Hasbro (NASDAQ:HAS) fell 5% after reporting fourth-quarter earnings of $1.33 on revenue of $1.39 billion, missing estimates compiled by Investing.com for earnings of $1.58 a share on revenue of $1.52 billion.
Sales during the crucial holiday period didn’t live up to expectations as the hit from the closure of Toys 'R' Us, one of the company's largest customers pre-bankruptcy, was worse than feared.
The poor performance comes amid growing concerns that tablets may soon usurp traditional toys as must-haves among children. But those fears are premature, even as Toys 'R' Us was sent to the toy graveyard, according to market researcher NPD Group.
The 2% decline in toy sales seen last year was "a solid performance after such a significant shift in the retail landscape," according to Juli Lennett, vice president and industry advisor, for Toys at NPD Group.
Hasbro's slate of toys from blockbuster franchises for the coming year, including "Star Wars," "Frozen" and Marvel's "Avengers," offered a semblance of hope for market participants, as did its partnership with commercial behemoths like Amazon (NASDAQ:AMZN).

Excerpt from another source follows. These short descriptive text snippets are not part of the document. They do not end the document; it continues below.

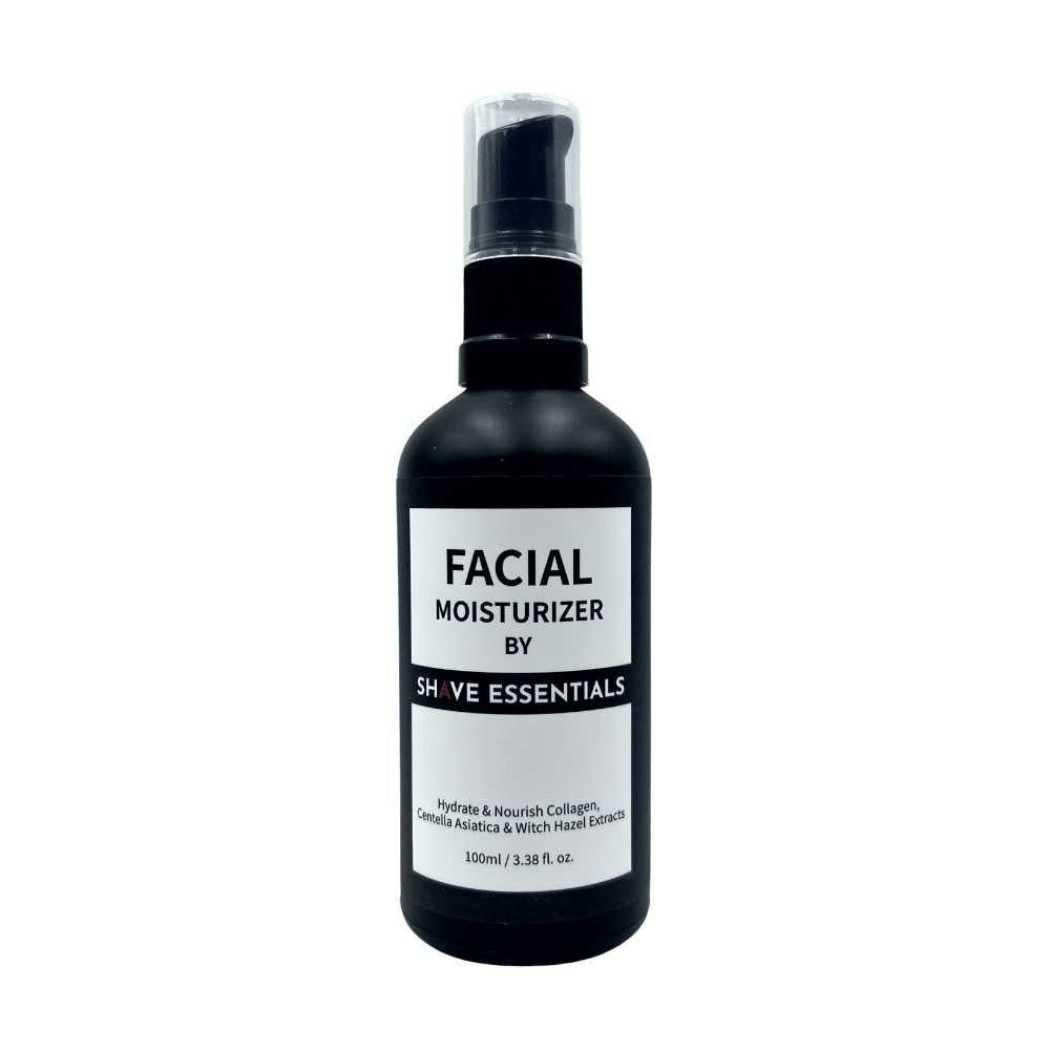 Moisturizer bottle with pump top and front label reading Facial Moisturizer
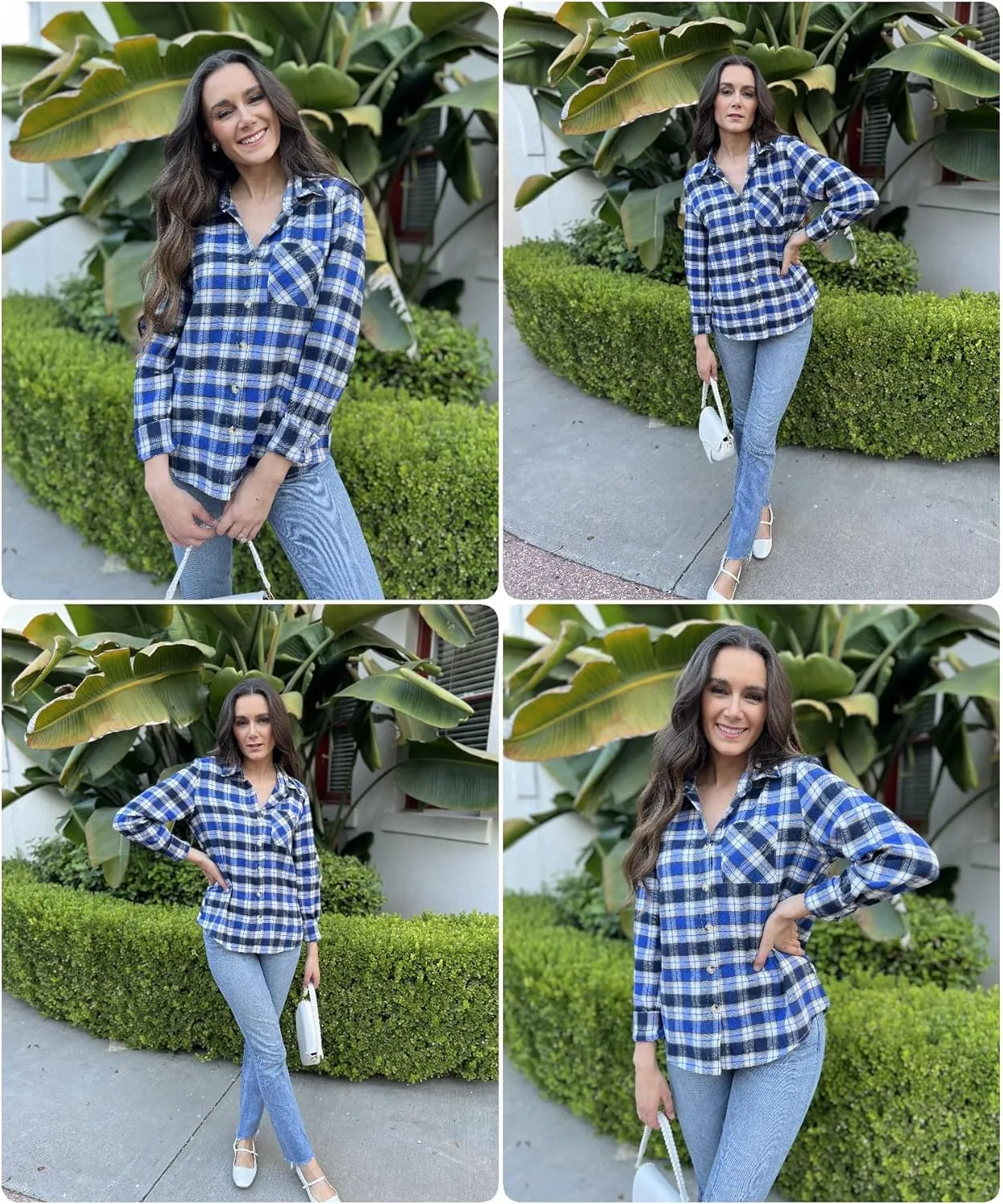 Zeagoo Womens Plaid Shirts Cotton Classic Long Sleeve Button Down Collared Casual Tops Lightweight Autumn Blouses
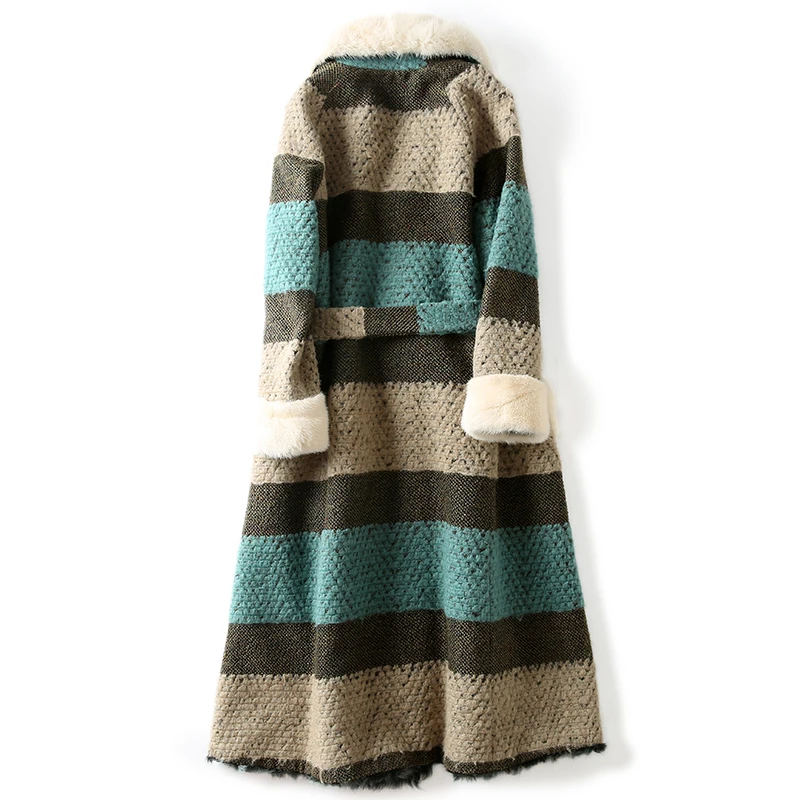 Natural Fur Coat Female Winter Real Wool Liner Mink Fur Collar Jacket Women Vintage Double Faced Tops Korean Fur Jackets 17809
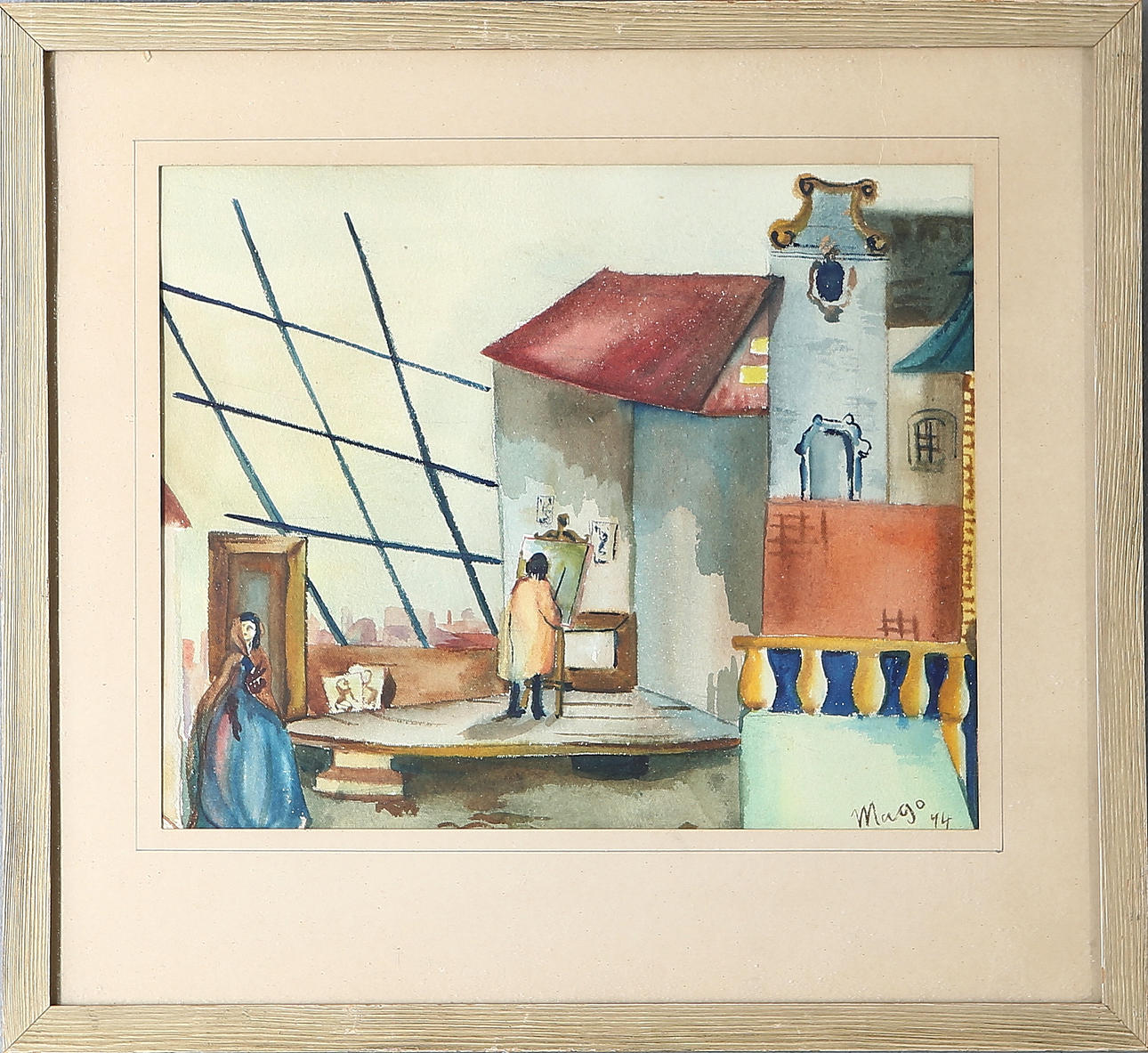 MAGO, MAX GOLDSTEIN. Scene sketch, watercolour, signed and dated 44.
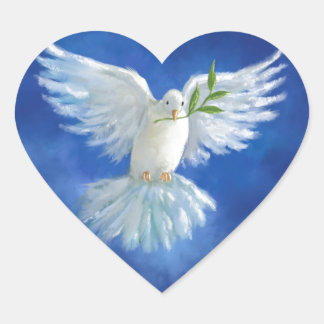 Sticker Cœur Freedom Dove, paix sur terre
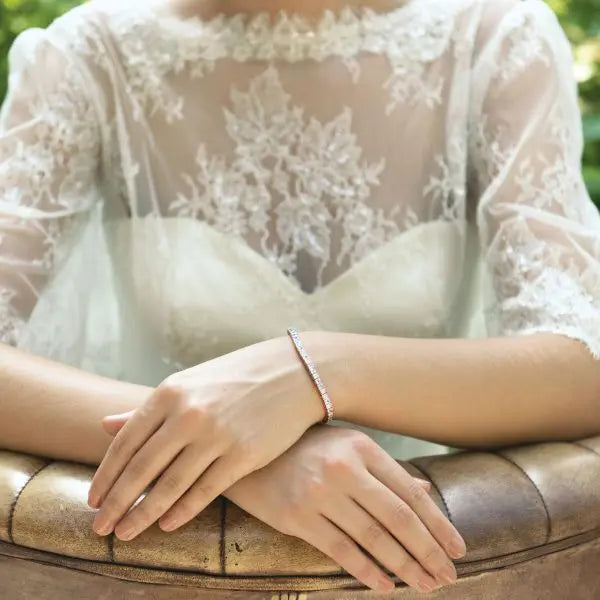 ELEGANCE – BRACELET TENNIS CRISTAUX (OR / OR ROSE / ARGENT) Ivory and co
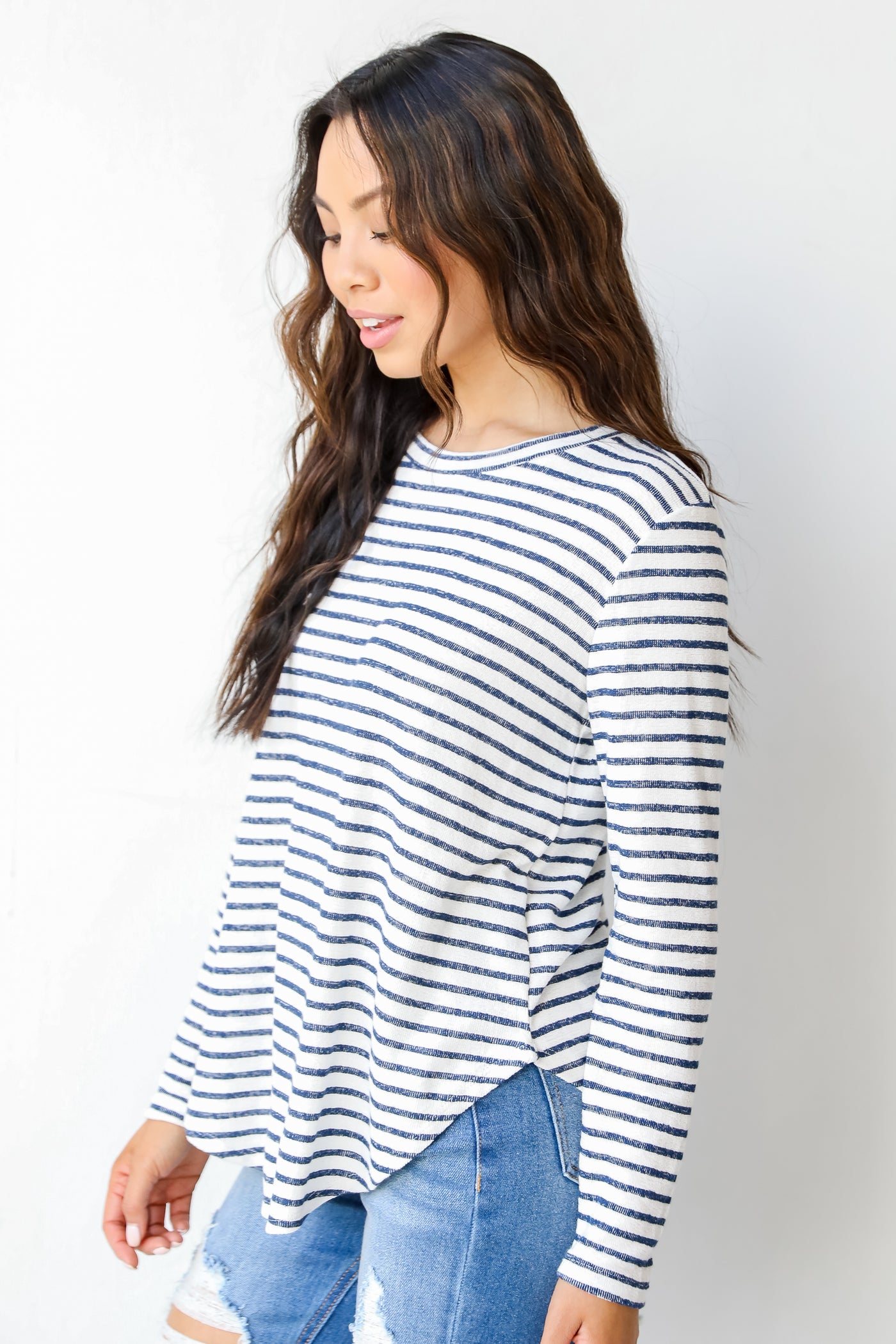 Striped Knit Top side view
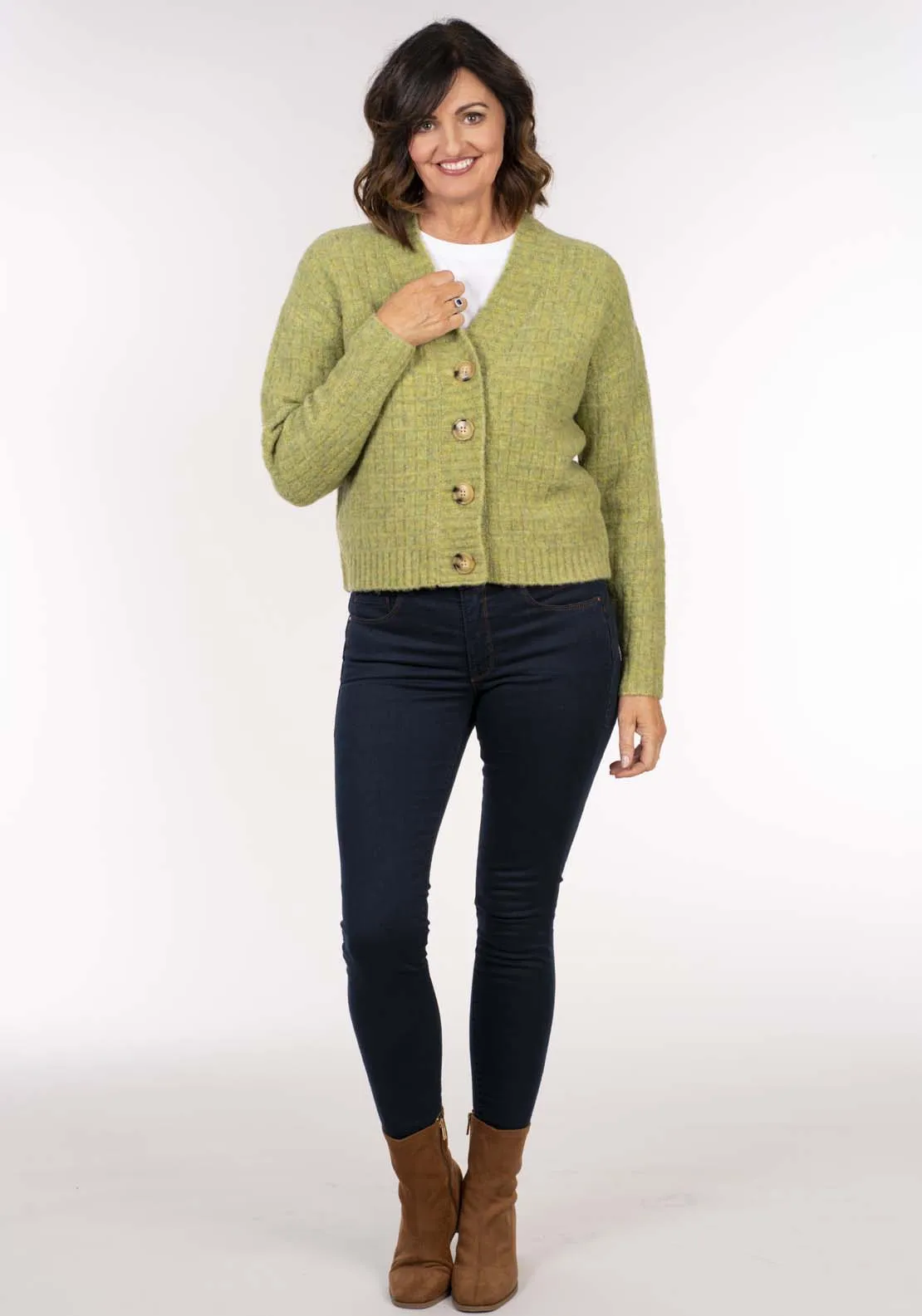 Waffle 3 Button Cardi - Green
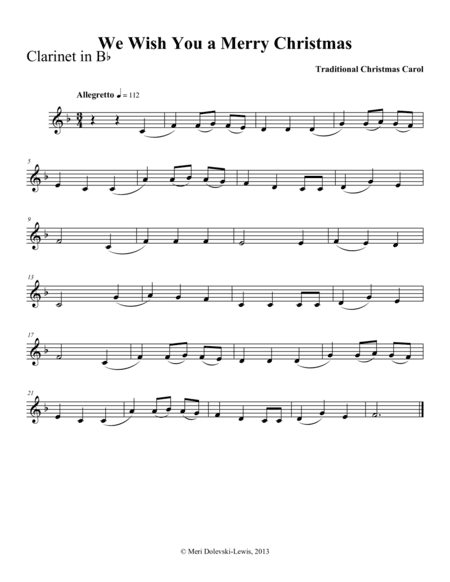 We Wish You a Merry Christmas: clarinet/piano (arr. Meri Dolevski)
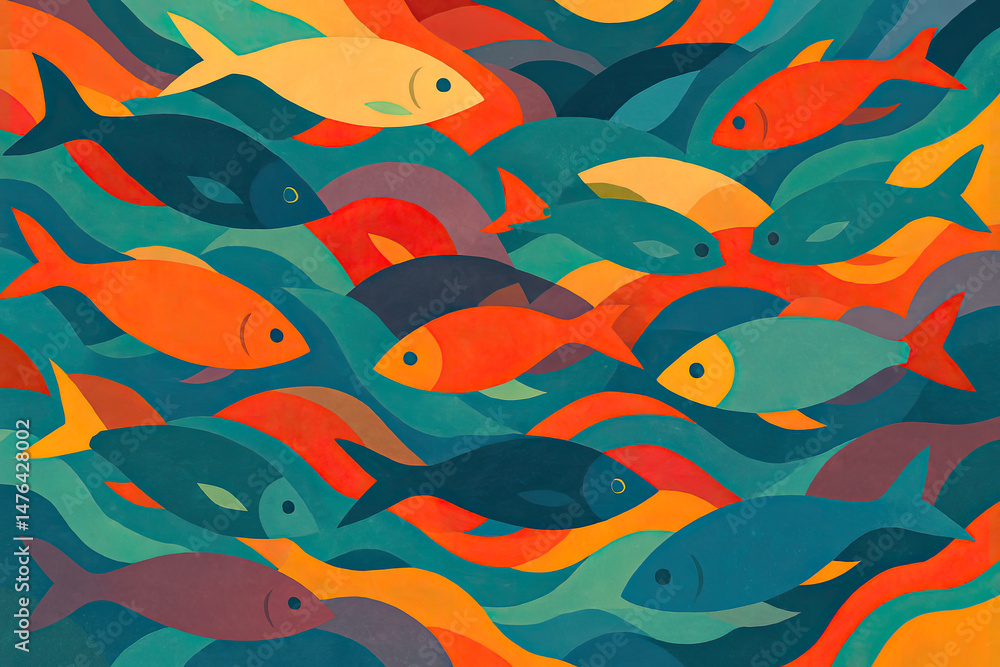 Naklejka premium Generative AI: Colorful Abstract Fish Pattern Background 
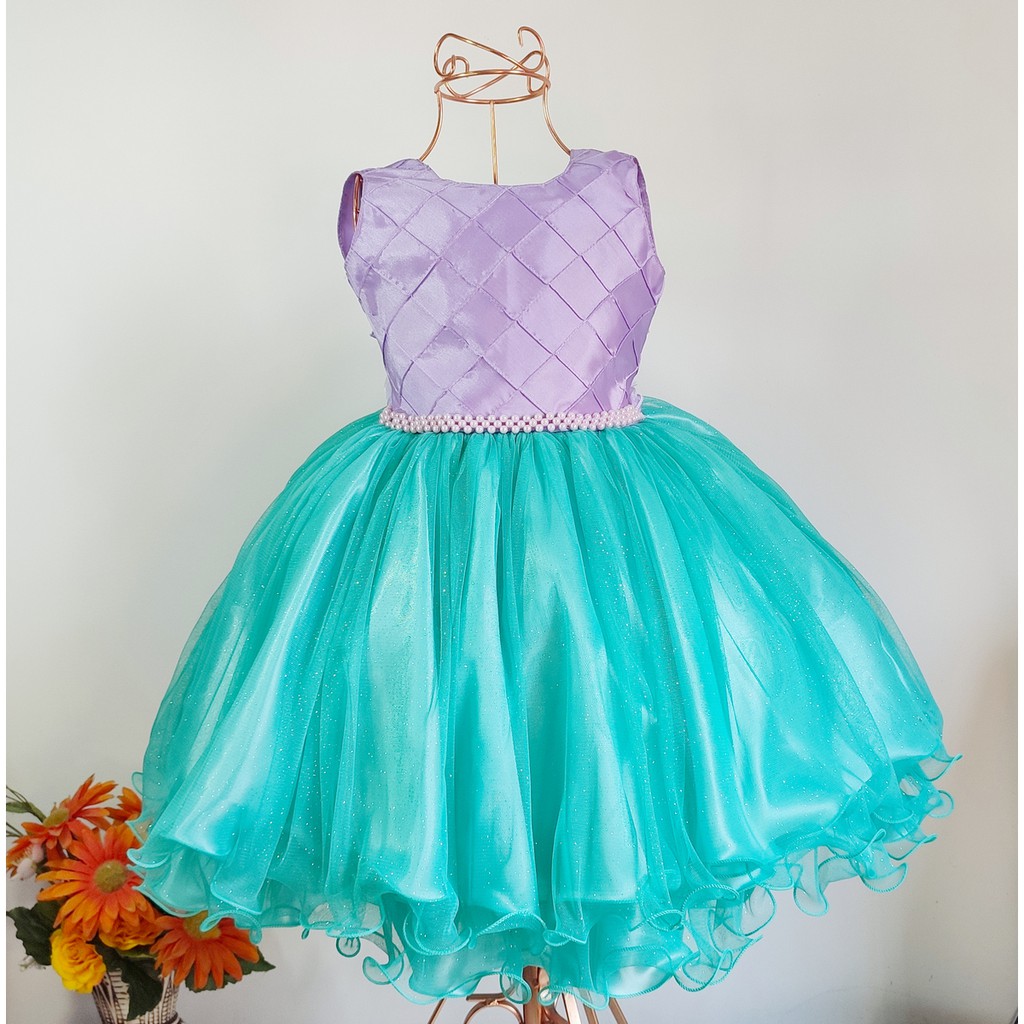 Vestido De Festa Infantil Ariel Pequena Sereia Lilas Luxo 1 Ao 14 Anos ...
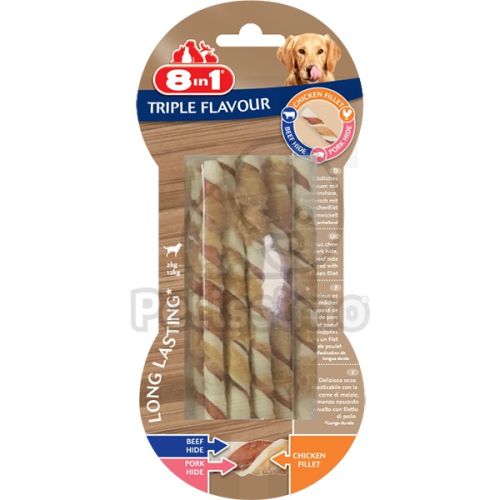 8 in 1 Triple Flavour csavart rágórúd  10 db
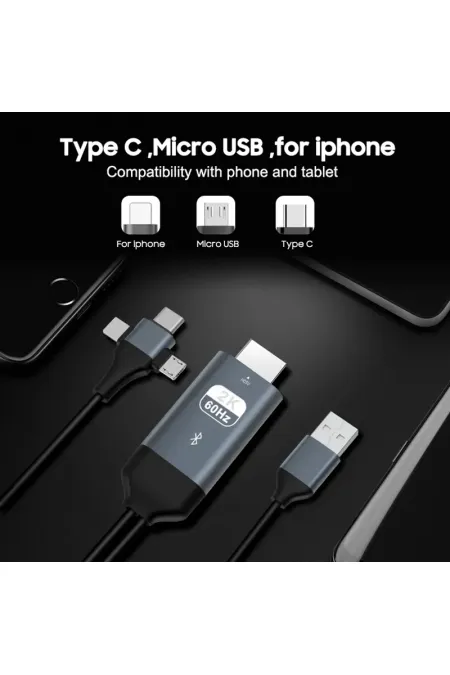 Huawei Macbook İpad İphone Uyumlu 4K Type-c To Hdmi Ultra Full Hd 2 Metre Görüntü Aktarım Kablosu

CFRA, an independent research provider, upgraded its rating on Hasbro to hold from sell, expressing optimism in the company's entertainment offerings, as well as the partnership with Amazon.
Rival toymaker Mattel (NASDAQ:MAT) navigated the impact from the Toy 'R' Us collapse as strong sales of Barbie saw fourth-quarter earnings and revenue beat estimates compiled by Investing.com. Its shares soared 23%.